In Piemonte c’è un problema grosso di informazione, molto grosso. Alcuni organi che oramai io definisco di “disinformazione” forniscono tutti una versione partigiana del problema dell’alta velocità Torino-Lione. Meglio, non forniscono neppure notizie: fanno il tifo. Ovviamente a favore della realizzazione della linea, i cui lavori, lo ricordo, non sono mai iniziati, posto che quello che si è iniziato è solo un tunnel geognostico.

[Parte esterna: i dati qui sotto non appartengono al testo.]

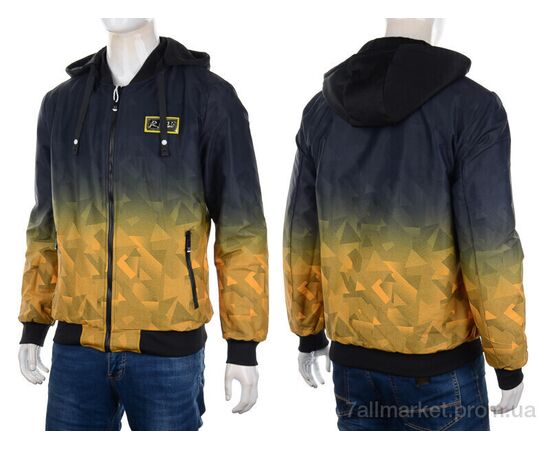 Куртка чоловіча Весна/осінь GM2222 yellow (4 шт. р.сіткаL-3XL) "M7" недорого оптом від прямого постачальника, зображення 3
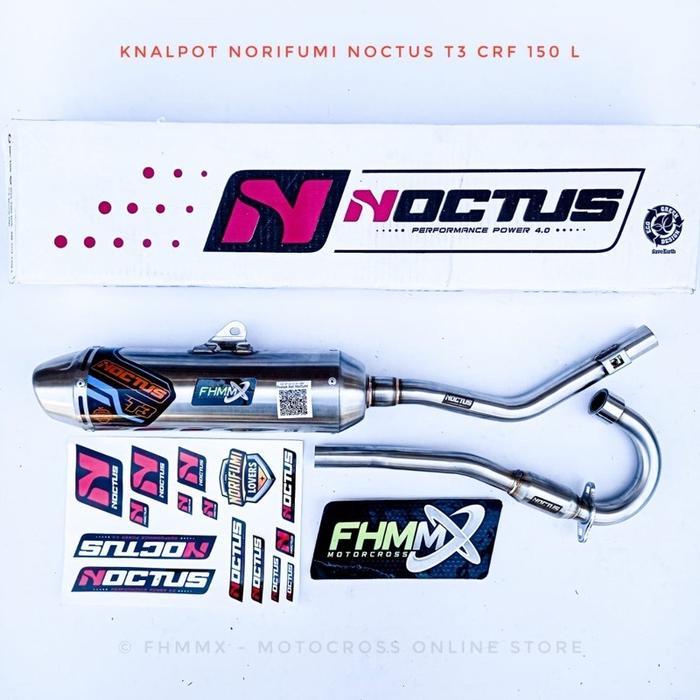 Knalpot Norifumi Noctus T3 Crf 150 L Wr 155 Klx 150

Prima della scorsa manifestazione No Tav andai ad ascoltare una relazione di Livio Pepino, ex magistrato e componente del Csm, da sempre impegnato a favore della verità sulla linea veloce, il quale ricordava come prima della precedente manifestazione Sì Tav del 10 novembre, per una settimana i quotidiani si fossero schierati apertamente a favore dell’opera e addirittura invitassero la gente a scendere in piazza. La Repubblica esplicitamente: Tutti in piazza sabato. Non molto diversa la situazione prima di questa seconda manifestazione Sì Tav. E dopo di essa, ecco addirittura il direttore de La Stampa, Maurizio Molinari – con involontario umorismo – parlare di “Torino obbligata dai luddisti contemporanei ad isolarsi dietro una montagna”.

E già, perché l’opera rappresenterebbe il progresso, e si va a scomodare il movimento luddista che vi si opponeva (a proposito, Molinari sa che il potere quella rivolta la soffocò nel sangue?). Si sa, sono progresso in generale le grandi opere, perché è progresso dare lavoro per realizzarle, non certo perché siano utili, come ricorda il collettivo Wu Ming: “Le ‘grandi opere’ servono solo a chi le costruisce, l’importante è far girare avanti e indietro i camion del ‘movimento terra’ e far girare le betoniere, come spiedi su un fuoco spento. Farle girare a ogni costo. Tanto, mentre i profitti sono privati, le perdite le paghiamo tutti. Un capitalismo morto-che-cammina, con la carne che si disfa, simile a fanghiglia, e un tanfo di marciume che si sente da lontano, ma tutti lo respirano facendo gli gnorri”.

Beninteso, non è la prima volta che alcuni mass media fanno il tifo anziché, appunto, informare. Tutta la vicenda Tav è stata sostenuta in questi almeno ultimi dieci anni da La Stampa, da Repubblica, ma anche dal Tg3 nazionale (e da quello regionale pure) a favore dell’opera. Coerentemente con la loro matrice di sinistra. Laddove per sinistra deve intendersi, come purtroppo è sempre più evidente, difesa degli interessi di grandi gruppi e di cooperative sedicenti rosse, piuttosto che salvaguardia dei beni comuni: territorio, ambiente, acqua, aria. Quella sinistra che a Torino, in particolare, ha reso l’aria irrespirabile (non solo in senso materiale), con politica, informazione, cultura dichiaratamente schierati a favore della grande opera. Non è la prima volta che fanno il tifo, ma adesso sono davvero scatenati, perché è come se si vedessero sottrarre il piatto in cui hanno mangiato per anni.

In questo periodo si è recuperata da parte di politici – ma anche di uomini di cultura – la parola fascismo. Secondo me – mio nonno materno morì proprio a causa dei fascisti – del tutto a sproposito. Ma vorrei che si riflettesse un attimo – prendendo pure lo spunto da questa vicenda – su come vengano fornite in Italia le notizie e quali notizie vengano fornite dai mass media alla popolazione. Non sarà fascismo, no, ma sicuramente siamo di fronte a una stampa che libera non è, come invece vorrebbe l’art. 21 della nostra Costituzione. Con tutto ciò che ne consegue.